Many developers are using both: an AI-powered editor for moment-to-moment coding, and Claude Code for bigger tasks. That's probably the most productive setup.

Who Should Use It

Great for:

  • Freelancers and small teams managing multiple projects
  • Full-stack work where changes span frontend, backend, and config
  • Developers comfortable in the terminal
  • Projects with clear conventions (CLAUDE.md makes a huge difference)
  • Repetitive multi-file changes (refactors, rebrands, migrations)
  • Prototyping and scaffolding new features quickly

Less ideal for:

  • Developers who prefer a fully visual workflow
  • Highly specialized work where you need to see output in real-time (CSS fine-tuning, animation work)
  • Teams that need real-time collaborative AI assistance
  • Quick one-line edits where the overhead isn't justified

Pricing

Claude Code uses Anthropic's API pricing based on token usage. There's no flat monthly fee — you pay for what you use. A light session might cost a few cents; a heavy session involving deep codebase exploration and multiple large file edits can cost a few dollars.

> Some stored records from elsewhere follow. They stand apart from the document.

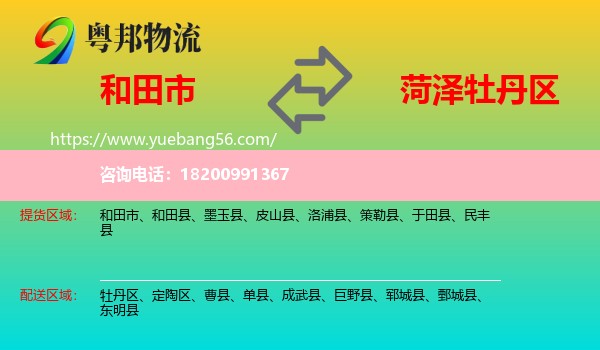 和田市到牡丹區(qū)物流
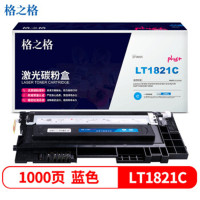格之ge LT1821C 硒鼓带芯片适用CS1831 CS1831W硒鼓 1000页蓝色单支装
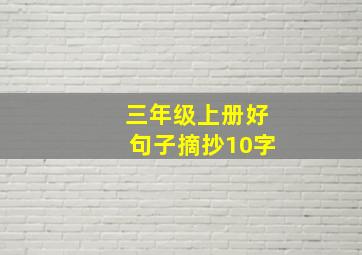 三年级上册好句子摘抄10字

For context, a full workday of active Claude Code usage on client projects typically runs us between $5 and $15 depending on project complexity and how much codebase reading is involved. Compared to the time saved, the ROI is hard to argue with.

Anthropic also offers a Max subscription plan that includes Claude Code usage with higher rate limits, which may be more predictable for teams that use it heavily.

Our Workflow

Here's how Claude Code fits into our daily process:

  1. Start of day: Open the project, Claude Code picks up context from CLAUDE.md and memory
  2. Feature work: Describe the feature at a high level, let Claude Code scaffold it, review the output, iterate
  3. Bug fixes: Paste the error or describe the behavior, Claude Code traces through the code and fixes it
  4. Refactors: Describe the pattern change, Claude Code applies it across the codebase
  5. Git workflow: Claude Code stages, commits with clear messages, and pushes when asked
  6. Cross-project work: We've had it clone separate repos, make changes, commit, and push — all from one session

The biggest mindset shift is moving from "I write code and AI helps" to "I describe outcomes and AI executes." Once you make that shift, the speed improvement is dramatic.

Bottom Line

Claude Code is the most capable AI development tool we've used. Not because it writes the best single line of code — that's arguably a wash across the top AI models — but because it understands entire projects, executes multi-step tasks autonomously, and verifies its own work.

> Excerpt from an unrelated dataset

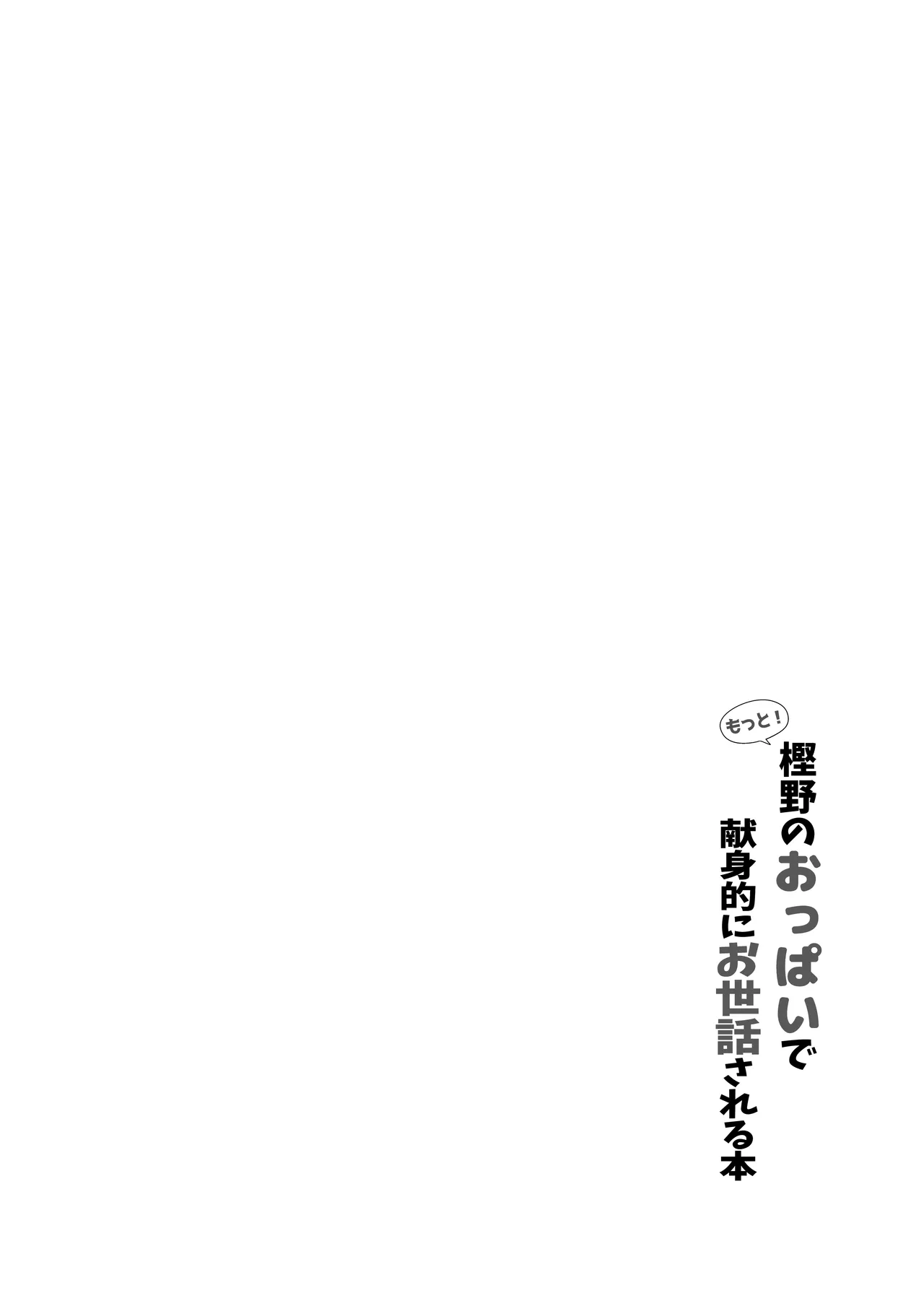 [C.R’s NEST (C.R)] Motto! Kashino no Oppai de Kenshinteki ni Osewa sareru Hon (Azur Lane) [Chinese] [光阴个人汉化] [Digital] 画像番号 3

It's not replacing our expertise. We still make the architectural decisions, review every change, and direct the work. But it's eliminated hours of mechanical coding — the file creation, the boilerplate, the find-and-replace-across-20-files work that used to eat up afternoons.

If you're a developer who spends time on tasks you know how to do but that just take time to do, Claude Code is worth trying. The terminal-first approach isn't for everyone, but for those who click with it, it's hard to go back.